2023 -  Q1

When do we talk about excessive shopping?

Publicis Groupe Hungary’s media market survey at the end of 2022 explores the topic of conscious and compulsive buying. With the help of an expert, we present the psychological drivers of shopping.

Where do we draw the line: when do we talk about excessive shopping?

The psychological drivers of compulsive buying

For many of us, the beginning of the year is about renewal, starting afresh and getting rid of bad habits. Yet this is in interesting contrast to the end of the year, which is typically a time of holiday shopping, bulk purchases and sales promotions. The topic of conscious shopping is explored in the Publicis Groupe Hungary 2022 end-of-year media market survey, which reports that a significant proportion of shoppers have already returned or plan to return products bought during the sales period.

“I will buy this sweater, but then never again”

The return rate of purchases is staggering, showing a lack of conscious consumer behavior among the population. According to data from a survey commissioned by Publicis Groupe Hungary’s Media Business Unit via the Talkonline social platform* questionnaire panel at the end of 2022, consumers returned or plan to return 6.2% of products purchased during the Black Friday period, often at a significant discount. Anyone who has ever shopped in their lifetime has either overspent or had products ‘slip’ into their shopping basket that they had not originally planned to buy. Just as we have all decided at least once that this is the last one, that we don’t need any more, even when the stock sweep is on sale.
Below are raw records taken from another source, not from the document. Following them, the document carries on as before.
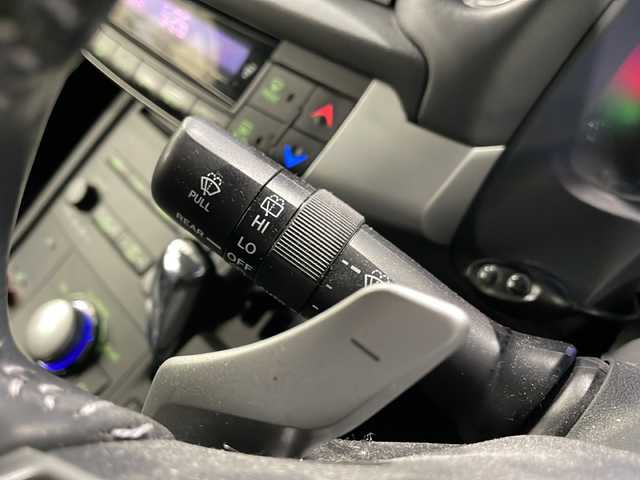 レクサス ＣＴ 200h バージョンL 高知県 2011(平23)年 7.1万km ホワイトパールクリスタルシャイン 純正ナビ/・バックカメラ/・ＣＤ/・ＡＵＸ/・ＵＳＢ/・フルセグTV/サンルーフ/ドラレコ/ＥＴＣ/ＬＥＤヘッドライト/オートライト/パワーシート/メモリー機能付きシート/パドルシフト/純正１７インチＡＷ/コーナーセンサー/純正フロアマット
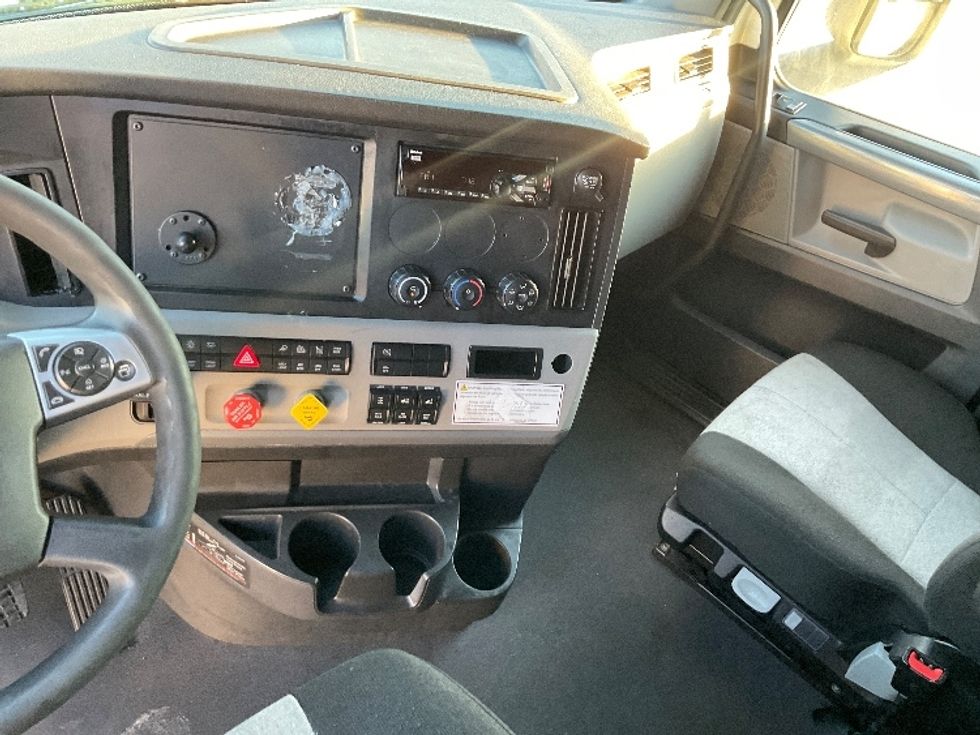 Sleeper Tractor-Heavy Duty Tractors-Freightliner-2020-T12664ST-Round Rock-TX-585,529\n\t\tmiles-$ 57,750 - Image 12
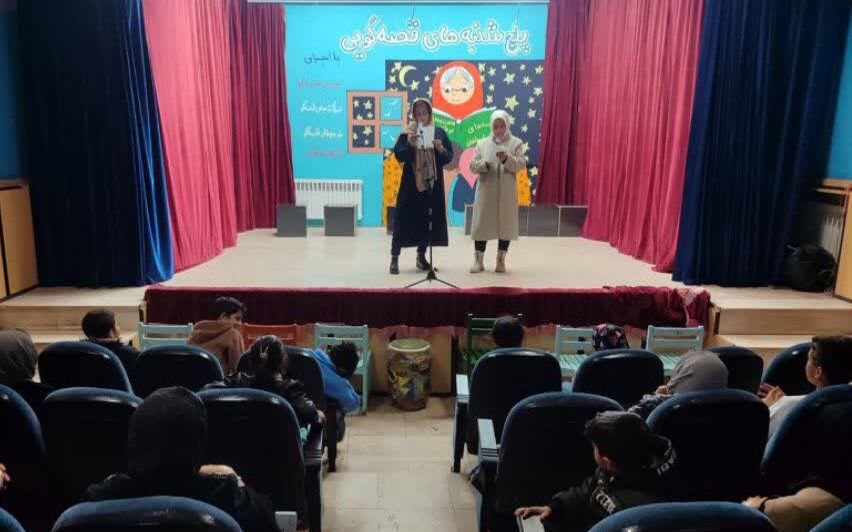 مرکز روانسر آیین کهن قصهگویی را با یاد مادران پیوند زد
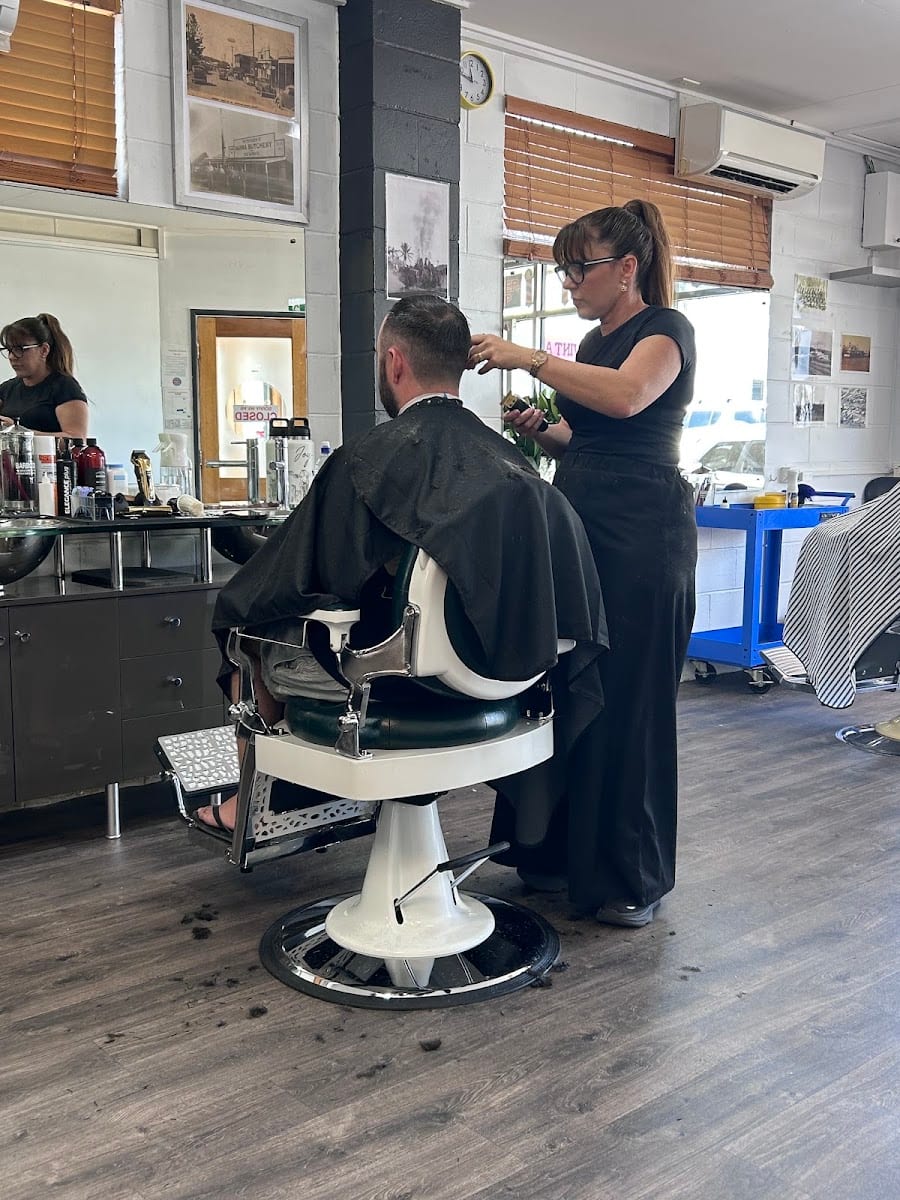 Pacey's Barbershop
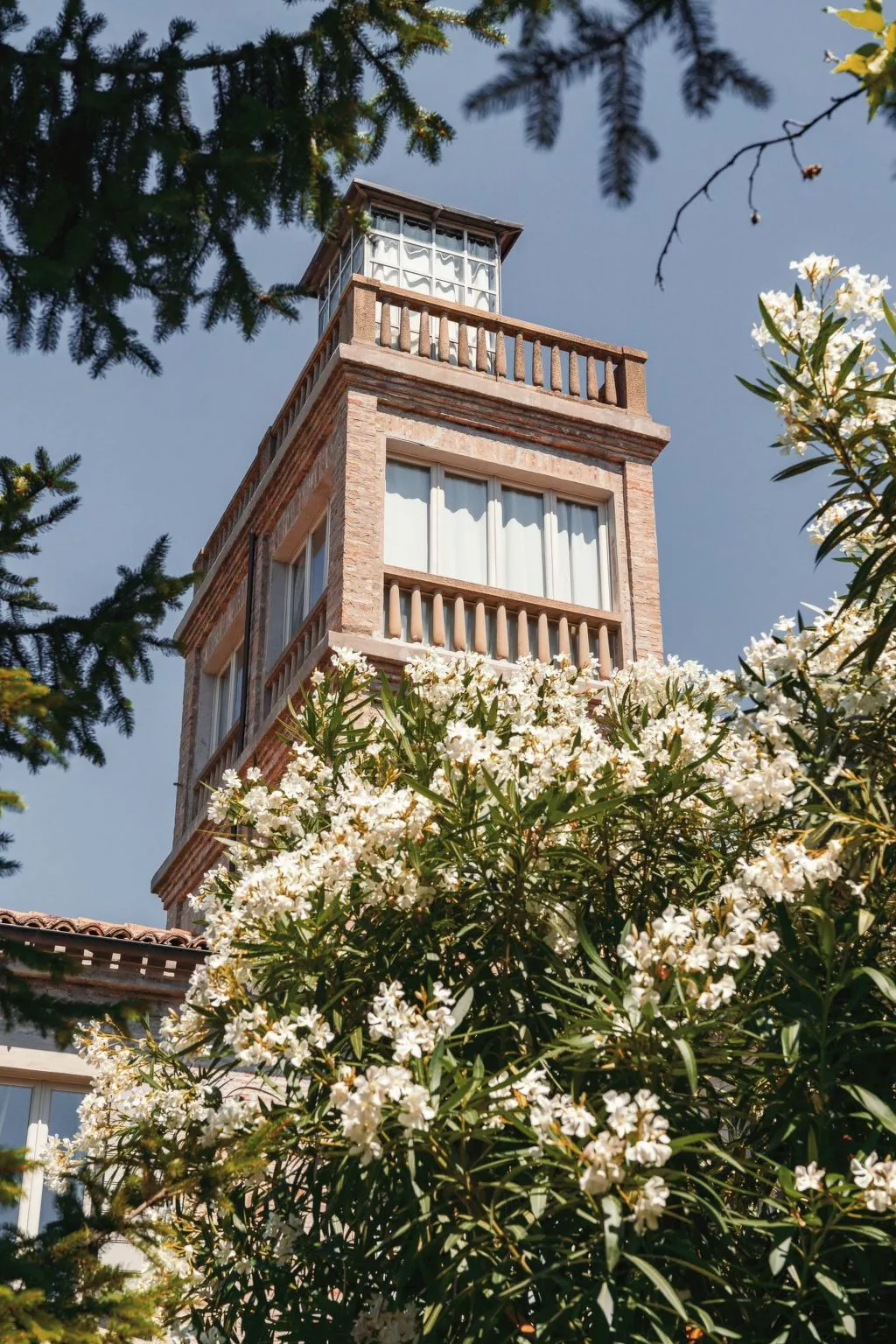 Wohnung in einem Turm mit Aussicht-Image-tags.info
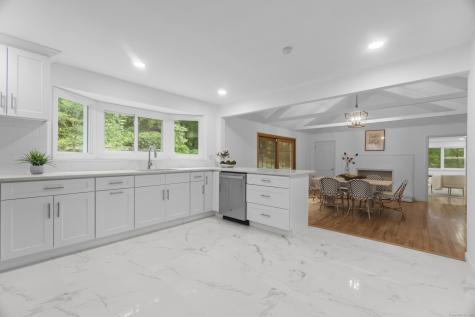 20 Ravenwood Drive Weston CT 06883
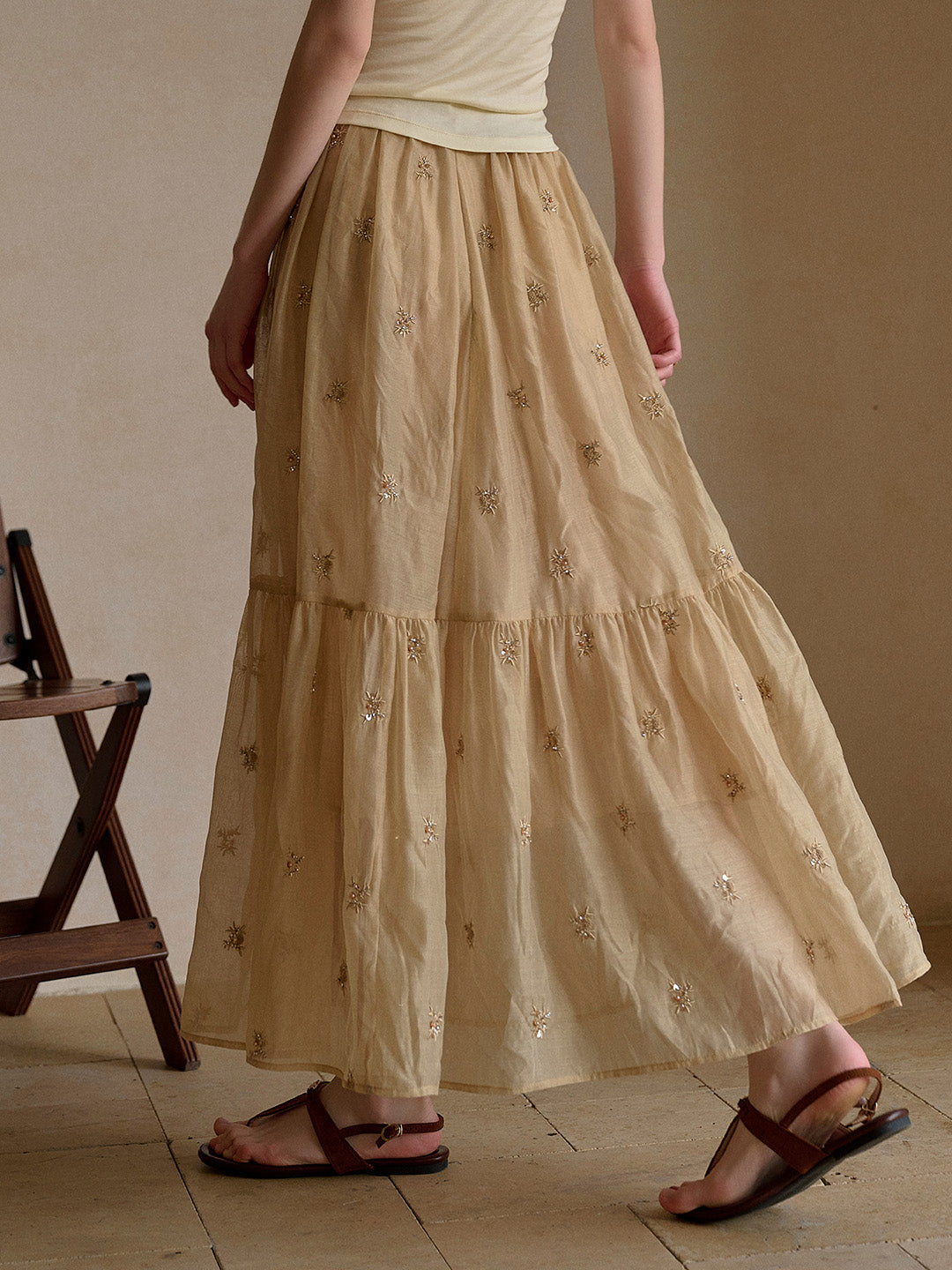 Gwendolyn Embroidery Midi Skirt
But then why are we tempted again and again?

You may download the study from here: Download

We cannot talk about conscious consumer choice and responsible consumer habits without talking about the psychological processes behind the purchase. “The most important thing to know is that money and shopping are never just maths; it’s much more than how much you can spend with the money you have. What we buy and when we buy it is influenced by our childhood experiences, our family patterns, changes in our self-image, our coping styles and our emotion regulation processes.” explains psychology expert Kata Herendi.

Conscious shopping could literally be described as reflecting on all of this at the moment of making a purchasing decision. However, this (would be) a very time- and energy-consuming process, so we rely on so-called heuristics, a kind of shortcut decision path when we buy something. In such cases, we tend to go for the path of least resistance: if it’s on sale, I’m there, or I see the ad and I like it, I’ll take it. The decision-making process is thus considerably shortened, but it is partly because of this shortening that we sometimes buy things we don’t really need or that don’t fit into our lives.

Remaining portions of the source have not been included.